The answer, advanced by historian Edmund Morgan in his classic work, American 
Slavery, American Freedom, the Ordeal of Colonial Virginia, sheds useful light 
on the historic and current politics and self-image of our nation.
Colonial 
America and the early US was a very unequal place. All the good, 
cleared, level agricultural land with easy access to transport was owned by a 
very few, very wealthy white men. Many poor whites were brought 
over as indentured servants, but having completed their periods of 
forced labor, allowing them to hang around the towns and cities landless and 
unemployed was dangerous to the social order. So they were given 
guns and credit, and sent inland to make their own fortunes, encroaching upon 
the orchards, farms and hunting grounds of Native Americans, who 
had little or no access to firearms. The law, of course did not penalize white 
men who robbed, raped or killed Indians. At regular intervals, 
colonial governors and local US officials would muster the free armed 
white men as militia, and dispatch them in murderous punitive raids to 
make the frontier safer for settlers and land speculators.
Slavery 
remained legal in New England, New York and the mid-Atlantic region till well 
into the 1800s, and the movements of free blacks and Indians were 
severely restricted for decades afterward. So colonial and early 
American militia also prowled the roads and highways demanding the 
passes of all non-whites, to ensure the enslaved were not escaping or 
aiding those who were, and that free blacks were not plotting rebellion 
or traveling for unapproved reasons.
Historically 
then, the principal activities of the Founding Fathers' “well regulated 
militia” were Indian killing, land stealing, slave patrolling and the 
enforcement of domestic apartheid, all of these, as the Constitutional 
language declares “being necessary to the security of a free state.” A 
free state whose fundamental building blocks were the genocide of Native 
Americans, and the enslavement of Africans.
The 
Constitutional sanction of universally armed white men against blacks 
and Indians is at the origin of what has come to be known as America's 
“gun culture,” and it neatly explains why that culture remains most 
deeply rooted in white, rural and small-town America long after the end 
of slavery and the close of the frontier. With the genocide of Native 
Americans accomplished and slavery gone, America's gun culture wrapped 
itself in new clothing, in self-justifying mythology that construes the 
Second Amendment as arming the citizenry as final bulwark of freedom 
against tyranny, invasion or crime. Embracing this fake history of the 
Second Amendments warps legal scholarship and public debate in clouds of 
willful ignorance, encouraging us to believe this is a nation founded 
on just and egalitarian principles rather than one built with stolen 
labor on stolen land. 
Maybe this is 
how we can tell that we are finally so over all that nasty genocide and 
racism stuff. We've chosen to simply write it out of our history.

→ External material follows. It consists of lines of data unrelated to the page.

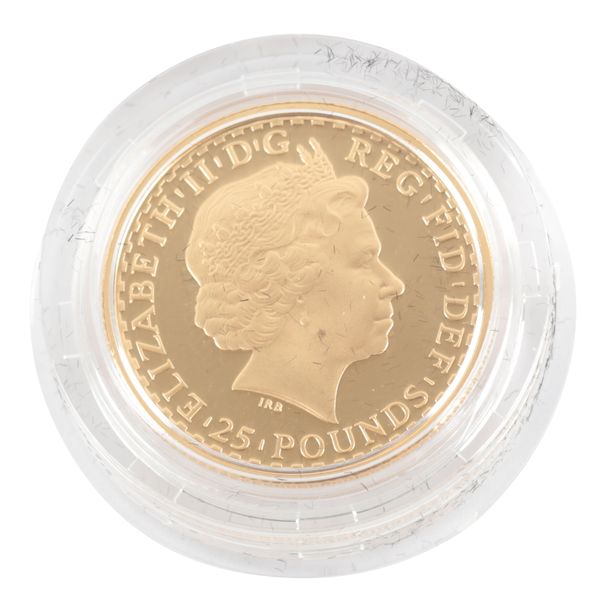 THE ROYAL MINT: A 2009 BRITANNIA 1/4 OZ GOLD PROOF COIN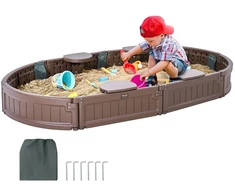 Smėlio dėžė su dangčiu 1830x1055x230 mm. ovali. HDPE. 4 kampinės sėdynės. ruda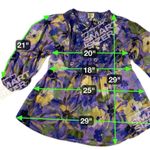 Fig and Flower Sheer Purple Floral Poet Blouse Romantic Size XL Photo 5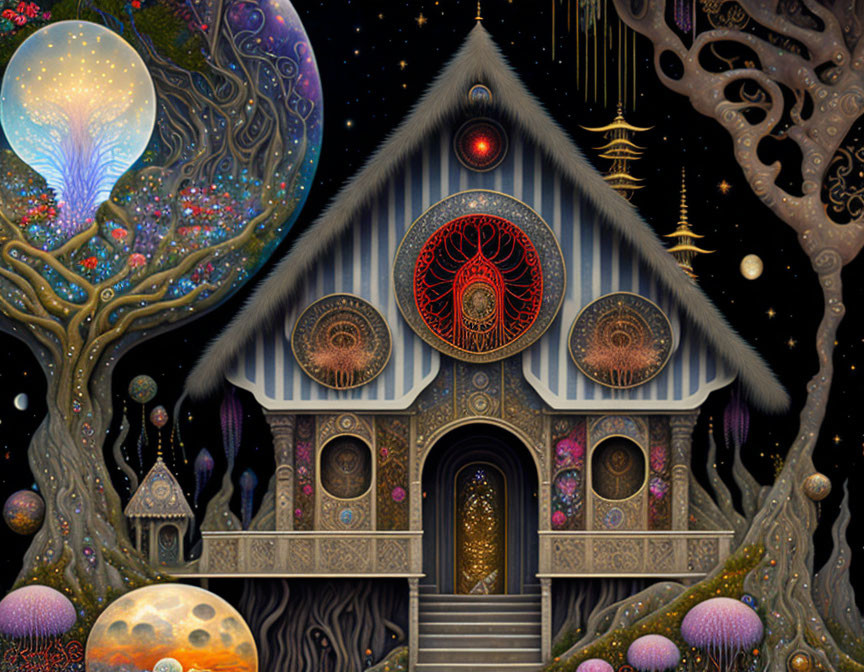 Fantastical treehouse art with cosmic sky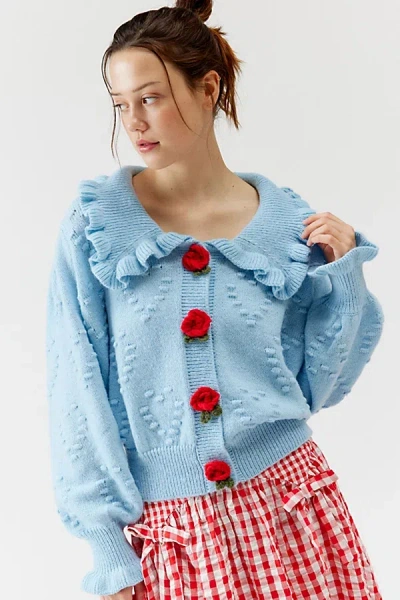 Neon Rose Adeline Rose Cardigan In Blue, Women's At Urban Outfitters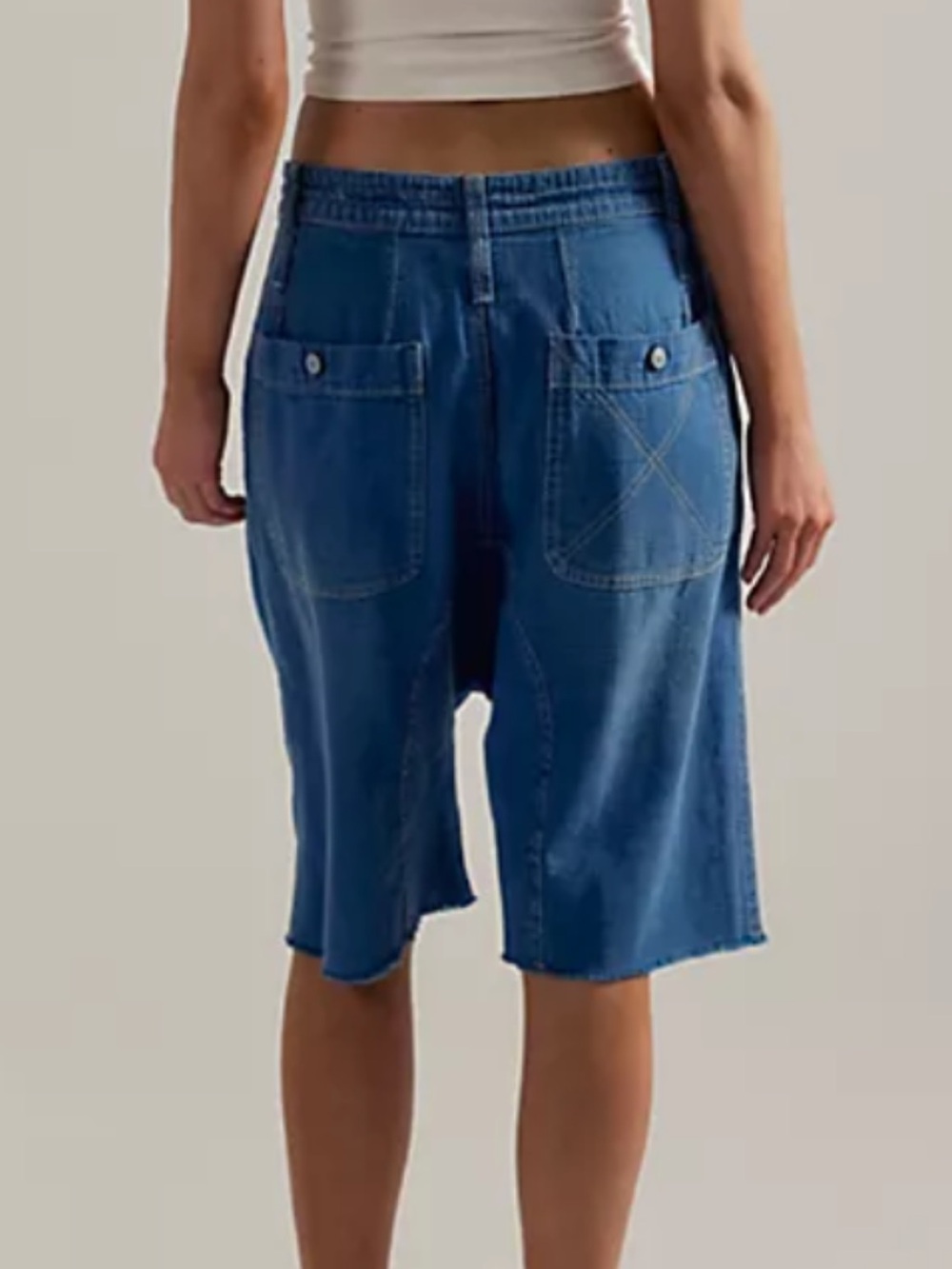 We The Free Blue Denim Harem Shorts - doesn’t have string waist like last pic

For Black Agenda Radio, I'm Bruce Dixon. Find us on the web at 
www.blackagendareport.com.
Bruce A. Dixon is managing editor at Black Agenda Report, and a member of the 
state committee of the Georgia Green Party. He lives and works in 
Marietta GA and can be reached via this site's contact page or at 
bruce.di...@blackagendareport.com.

[Non-text portions of this message have been removed]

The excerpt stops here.